WASHINGTON, D.C. — Today, Sens. Angus King (I-Maine), Amy Klobuchar (D-Minn.) and Dick Durbin (D-Ill.) released a “discussion draft” of the Electoral Count Modernization Act, the highly-anticipated legislation to update the Electoral Count Act of 1887 (ECA). The ECA was devised in the decade following the disputed 1876 presidential election between Rutherford Hayes and Samuel Tilden. The archaic law, which outlines Congress’ procedures for election certification, has received renewed attention after the unprecedented Republican objection to election results on Jan. 6, 2021.

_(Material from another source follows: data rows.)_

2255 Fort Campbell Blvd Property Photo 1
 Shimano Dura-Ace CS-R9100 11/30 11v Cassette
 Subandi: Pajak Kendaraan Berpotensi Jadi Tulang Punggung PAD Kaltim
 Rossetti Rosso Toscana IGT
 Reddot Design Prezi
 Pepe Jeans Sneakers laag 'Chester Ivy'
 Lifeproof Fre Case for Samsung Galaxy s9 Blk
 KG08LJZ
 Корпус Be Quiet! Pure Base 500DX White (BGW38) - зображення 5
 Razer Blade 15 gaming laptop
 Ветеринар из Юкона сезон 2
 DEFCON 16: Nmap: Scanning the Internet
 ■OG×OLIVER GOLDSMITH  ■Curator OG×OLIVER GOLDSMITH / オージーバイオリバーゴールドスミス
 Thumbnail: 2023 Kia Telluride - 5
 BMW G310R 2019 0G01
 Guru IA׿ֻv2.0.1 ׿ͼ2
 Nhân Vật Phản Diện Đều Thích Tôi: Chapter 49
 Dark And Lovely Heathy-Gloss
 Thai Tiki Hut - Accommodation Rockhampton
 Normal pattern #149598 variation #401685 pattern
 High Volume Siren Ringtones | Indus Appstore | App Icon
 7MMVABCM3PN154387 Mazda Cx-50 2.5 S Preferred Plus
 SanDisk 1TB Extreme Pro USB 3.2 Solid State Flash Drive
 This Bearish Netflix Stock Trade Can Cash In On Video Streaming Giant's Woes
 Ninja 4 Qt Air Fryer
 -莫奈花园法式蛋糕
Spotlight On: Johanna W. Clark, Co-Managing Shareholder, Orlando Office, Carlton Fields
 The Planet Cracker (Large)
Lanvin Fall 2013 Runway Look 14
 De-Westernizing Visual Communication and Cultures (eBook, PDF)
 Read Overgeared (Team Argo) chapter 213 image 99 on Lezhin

“We recognize that updating the Electoral Count Act is not a substitute for confronting the wider crises facing our democracy,” wrote the senators, noting the concern of many activist groups. Nonetheless, the Electoral Count Modernization Act would provide a much-needed update to the 1887 law. The draft plan released would:
- Change the date for the meeting of electors (moving it later in December to give states more time to complete recounts and litigation, if necessary).
- Clarify the role of the vice president when presiding over the joint session to count electoral votes in Congress, specifying that the vice president does not have the power to reject electors or resolve disputes.
- Outline a limited number of legitimate grounds for which members of Congress may object to electors.
- Raise the threshold for Congress to consider objections from “at least one Senator and and one Member of the House of Representatives” to one-third of each chamber.
- Raise the threshold to sustain that objection and more.
“Taken together, the proposed legislation would confront electoral subversion at both the state and federal levels by helping ensure that partisan politicians cannot substitute their own preferences for the judgment of the American people in presidential elections,” said the trio of senators.